======== Data shown ========

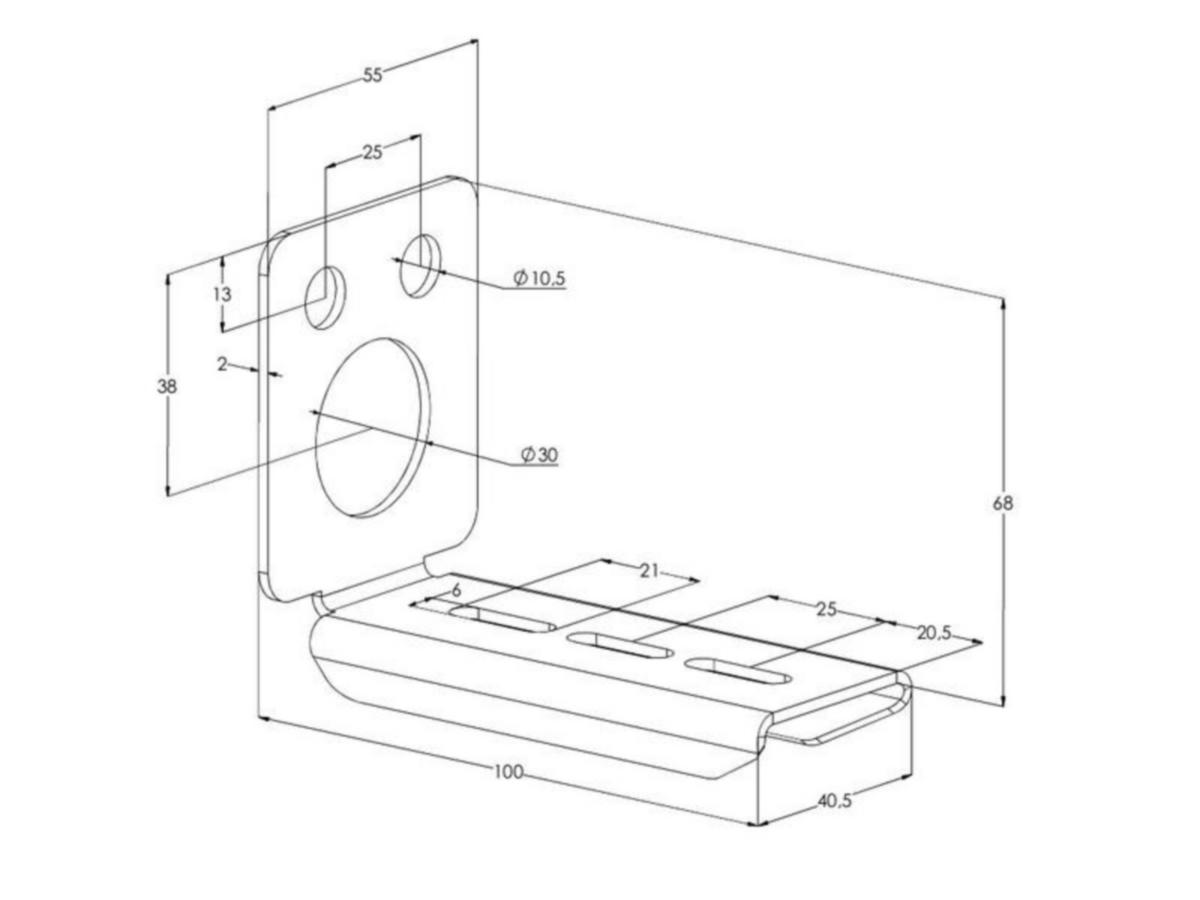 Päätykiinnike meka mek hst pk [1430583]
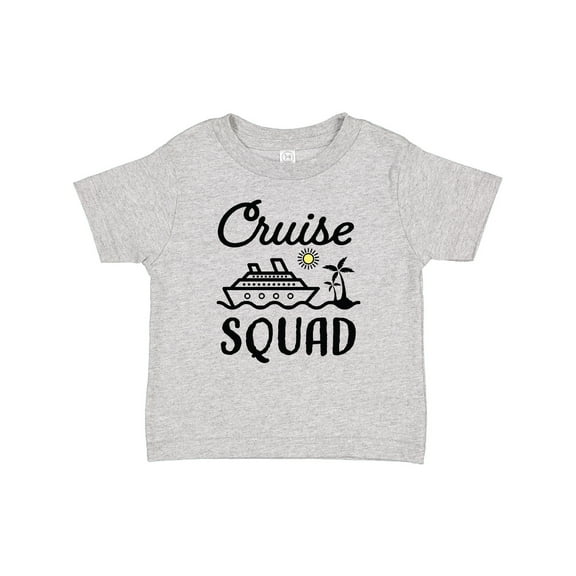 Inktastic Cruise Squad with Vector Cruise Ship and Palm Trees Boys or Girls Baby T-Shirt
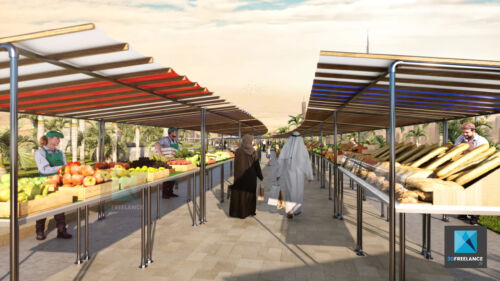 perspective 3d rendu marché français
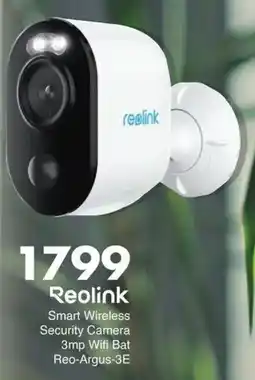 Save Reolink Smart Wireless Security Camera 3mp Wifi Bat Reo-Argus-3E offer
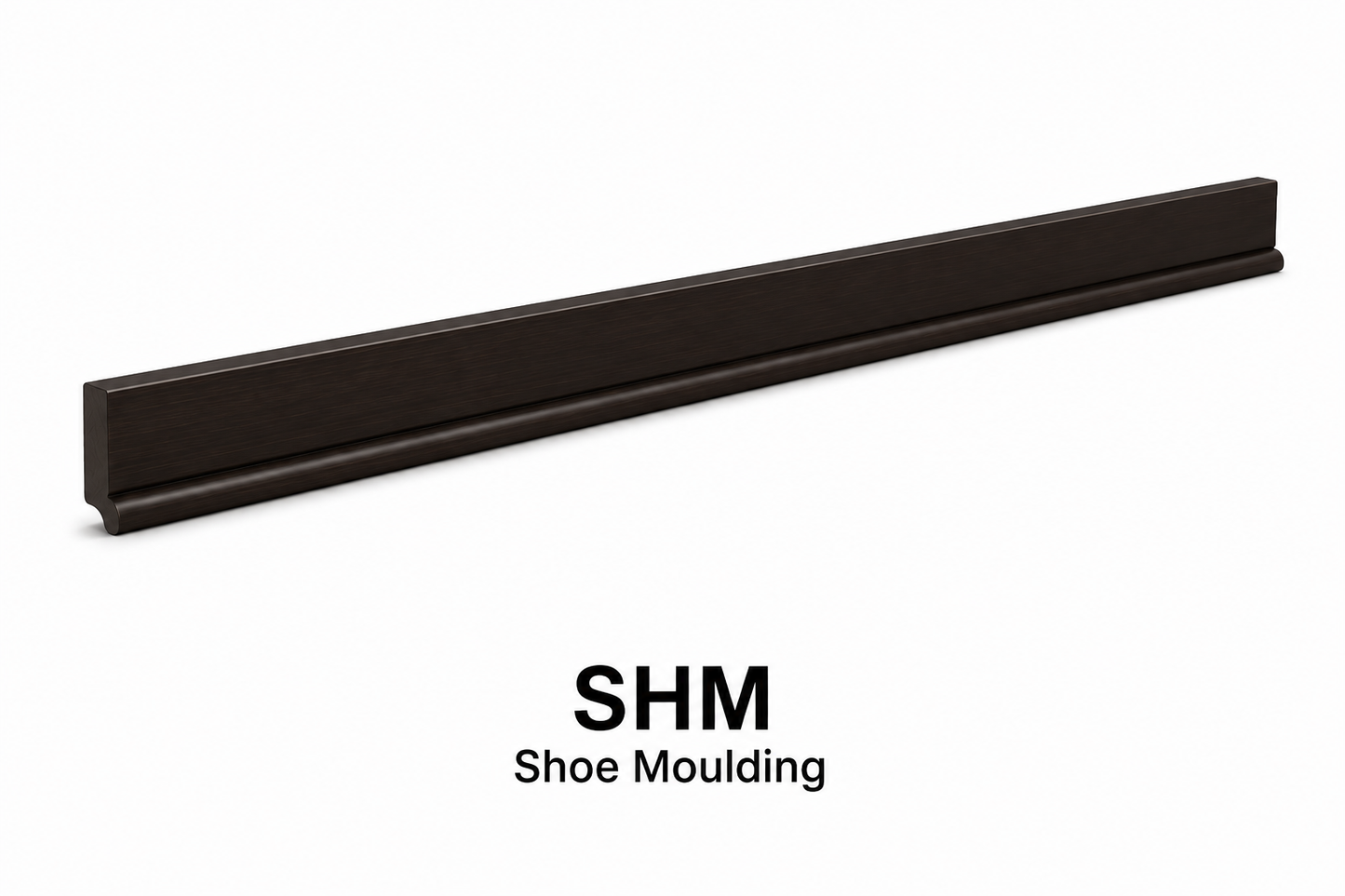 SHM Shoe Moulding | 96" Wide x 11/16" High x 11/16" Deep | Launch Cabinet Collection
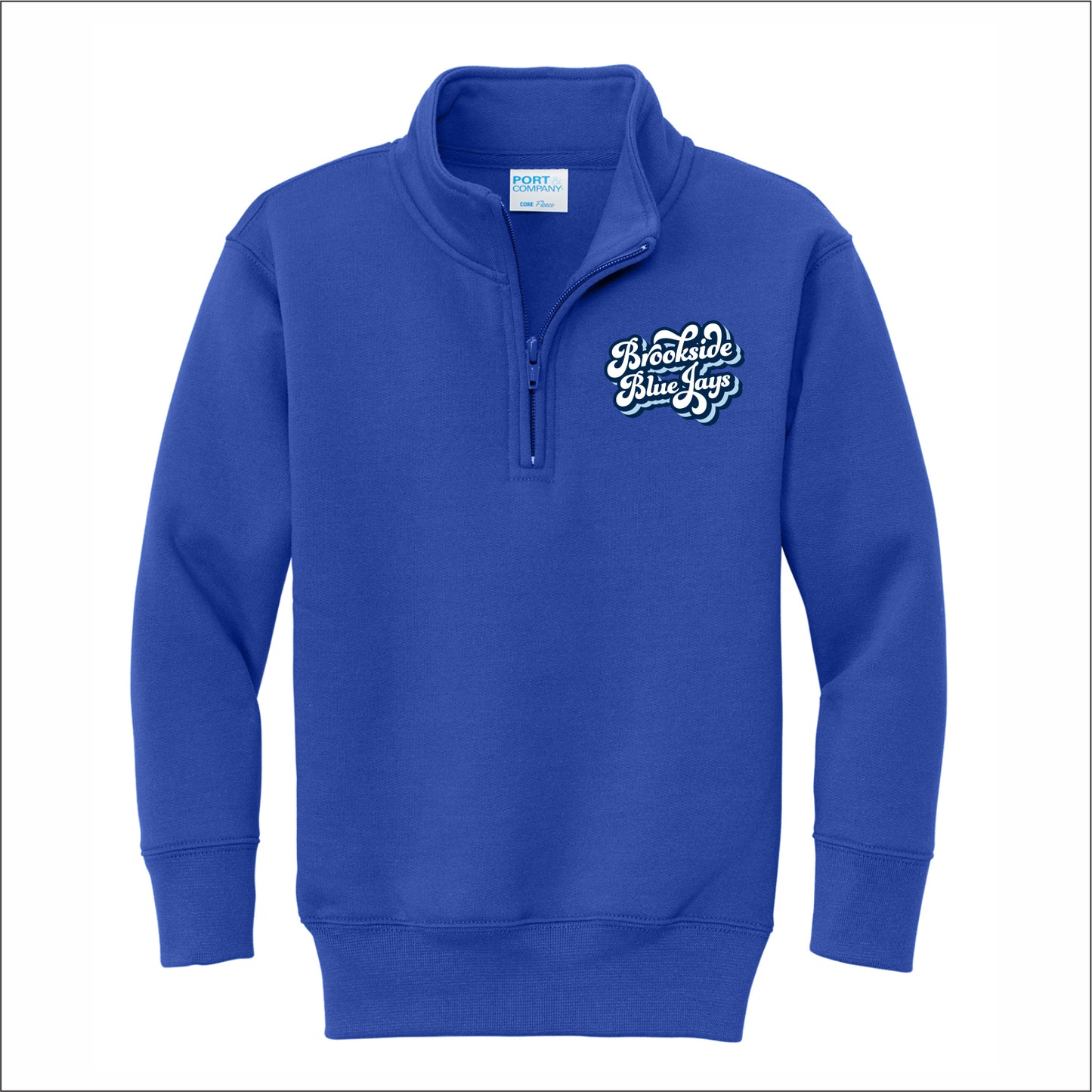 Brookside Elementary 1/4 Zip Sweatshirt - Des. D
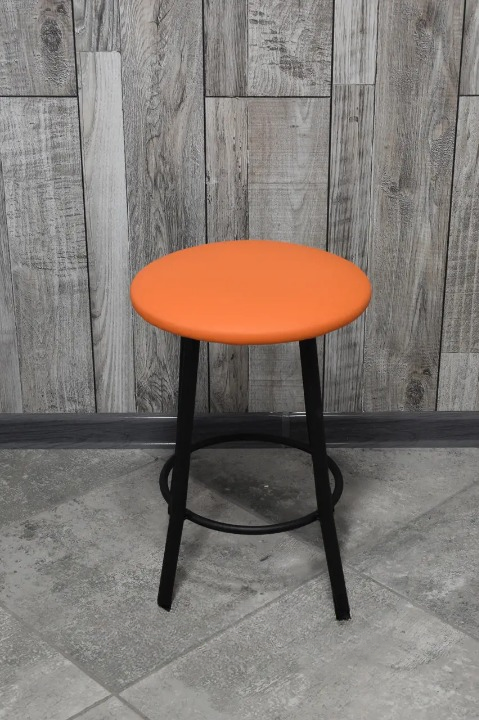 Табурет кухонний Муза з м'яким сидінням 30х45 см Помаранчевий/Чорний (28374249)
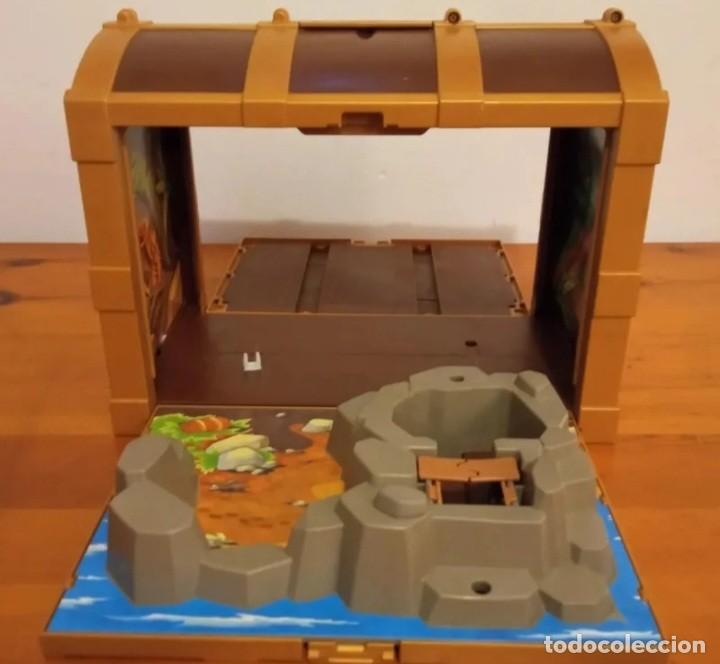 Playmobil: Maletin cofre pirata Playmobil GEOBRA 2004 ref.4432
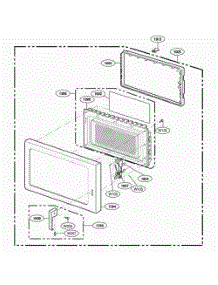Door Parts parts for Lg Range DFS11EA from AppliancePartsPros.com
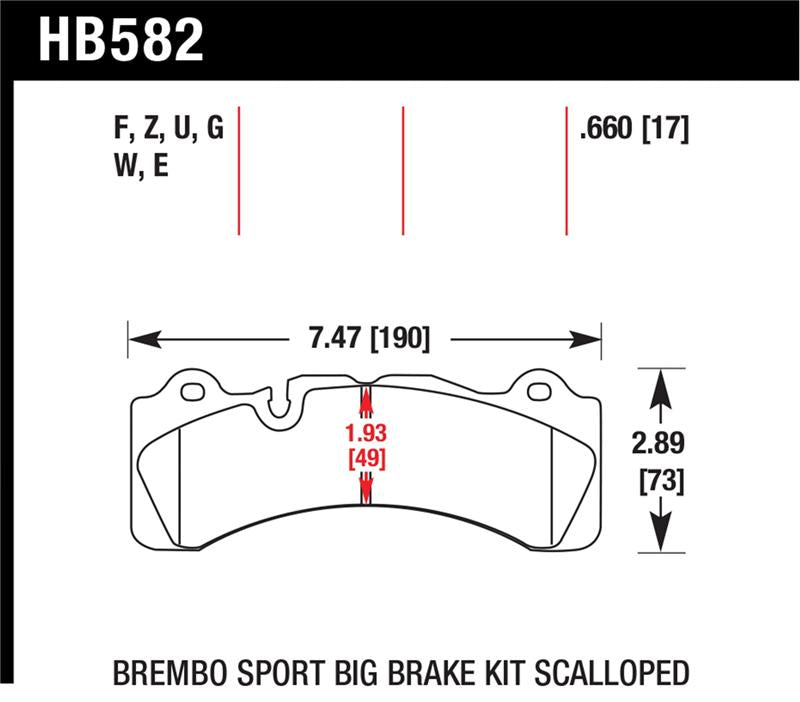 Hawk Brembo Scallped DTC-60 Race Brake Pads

========

◆ **Work task**: Reproduce the records word for word, please, from their first line up to and including the line that contains "Playmobil: Maletin cofre", but no pictures.

◆ **Exercise answer**:
 Päätykiinnike meka mek hst pk [1430583]
 Inktastic Cruise Squad with Vector Cruise Ship and Palm Trees Boys or Girls Baby T-Shirt
 perspective 3d rendu marché français
 Save Reolink Smart Wireless Security Camera 3mp Wifi Bat Reo-Argus-3E offer
 SHM Shoe Moulding | 96" Wide x 11/16" High x 11/16" Deep | Launch Cabinet Collection
 Brookside Elementary 1/4 Zip Sweatshirt - Des. D
 Табурет кухонний Муза з м'яким сидінням 30х45 см Помаранчевий/Чорний (28374249)
 Playmobil: Maletin cofre pirata Playmobil GEOBRA 2004 ref.4432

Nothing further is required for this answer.